LISBON – Portugal returned to bond markets on Wednesday for the first time since a bailout last year, swapping short for longer-dated debt to buy time to fix its public finances.
The country is in its worst recession since the 1970s and this may deepen if austerity measures expected to be unveiled later on Wednesday further undermine consumer confidence and spark more opposition to cost cuts and tax hikes.
The swap will make Portugal's debt repayments easier next year, giving it time to make the savings necessary for reducing debt and get the economy growing again so it can avoid a Greek-style debt restructuring.
The IGCP debt agency sold 3.76 billion euros ($4.86 billion) of October 2015 bonds, exchanging them for debt maturing in September 2013 bonds.
"The size of the swap is very decent and I guess it goes some way in reflecting that there are investors out there who have confidence in Portugal's and the euro zone's outlook," said Orlando Green, debt strategist at Credit Agricole in London.
The swap to extend the maturity of the country's debt and follows similar operations by fellow bailout recipient Ireland.
The head of the IGCP debt agency, Joao Moreira Rato, said "this marks a first step for Portugal to regain access to medium- and long-term debt markets."
Under Portugal's 78-billion-euro bailout from the European Union and IMF, the country was envisaged to only return to finance itself in bond markets in the second half of 2013.
Buying up the September 2013 bond now, before it matures, will help the country's financing needs next year. The amount it swapped represented 39 percent of the outstanding amount of the September maturity - the first not fully covered by the bailout.
"This swap operation was positive, as it reduced the redemption pressure in 2013 of 9.6 billion euros," said Ricardo Marques, debt analyst at Informacao Mercados Financeiros consultants.
Still, Portugal faces growing economic challenges as the previous political consensus behind austerity was dented last month when the country saw its largest protest since the bailout following a government plan to raise social security taxes. The government abandoned the plan after the protests.
But Finance Minister Vitor Gaspar will announce alternative measures at 1400 GMT on Wednesday, which are likely to include higher income, capital gains and asset taxes. The government is also studying a tax on financial transactions.
The European Commission has already approved the new measures, it said on Monday.

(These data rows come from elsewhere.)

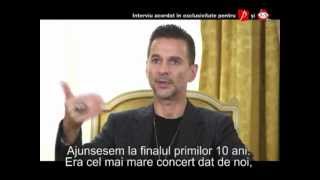 Dave Gahan Interview for Kiss FM October 2012 [upl. by Veta450]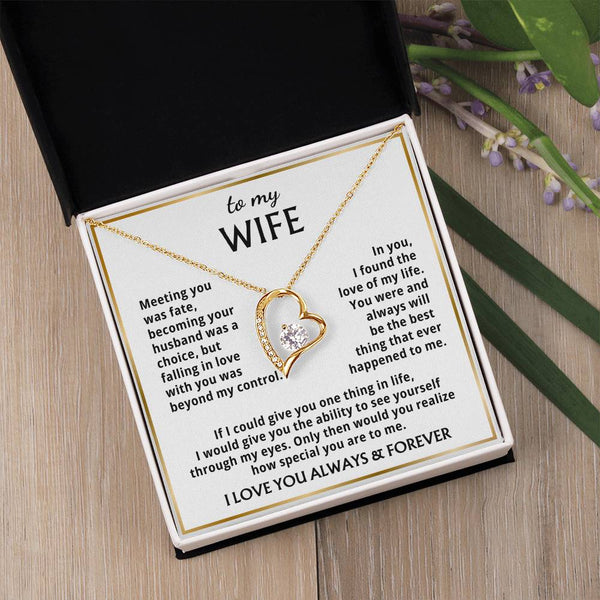 To My Wife - You were and always will be the best thing that ever happened to me. [ Forever Love ]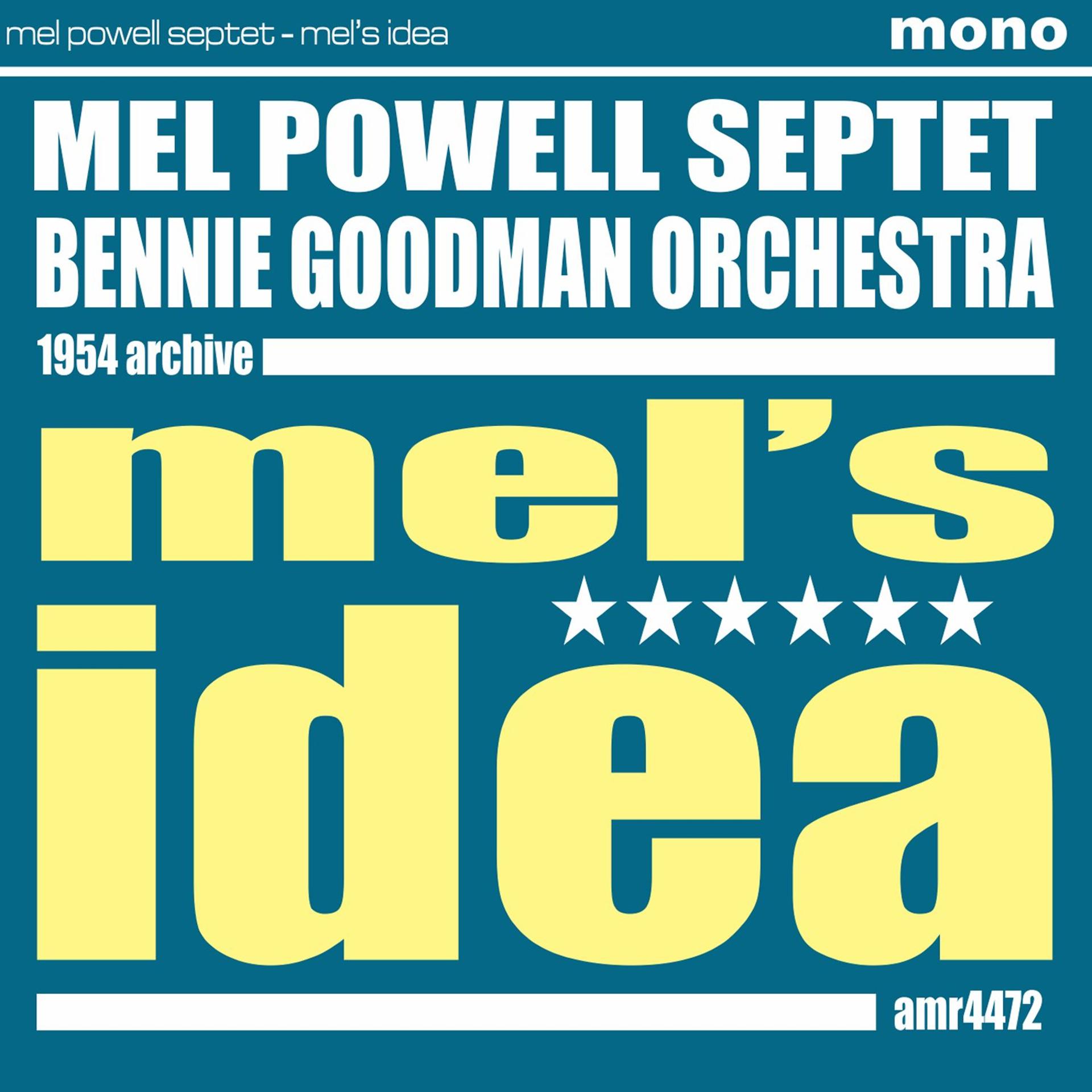 Постер альбома Mel's Idea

Strikes against cost-cutting have risen in recent weeks, with both railway and metro workers staging periodic walk-outs all this week. Portugal's unemployment is already at record highs above 15 percent and could rise further as the recession extends into next year.
Portugal's largest union, the CGTP, is set to announce later on Wednesday whether to launch a general strike soon, after it held a large protest march on Saturday.
But investors appeared not to be overly worried about growing social strife.
"The recent political and social tension didn't have an impact, nor am I certain it had any relevance for this operation," said Filipe Silva, debt manager at Banco Carregosa in Porto.
While still high, Portugal's bond yields have fallen sharply this year, helped by the European Central Bank's plans to help hold down the borrowing costs of countries that have signed up to budget overhauls.
Benchmark yields have fallen to around 9 percent from highs near 17 percent in January. Ten-year yields were virtually unchanged on Wednesday at 8.9 percent.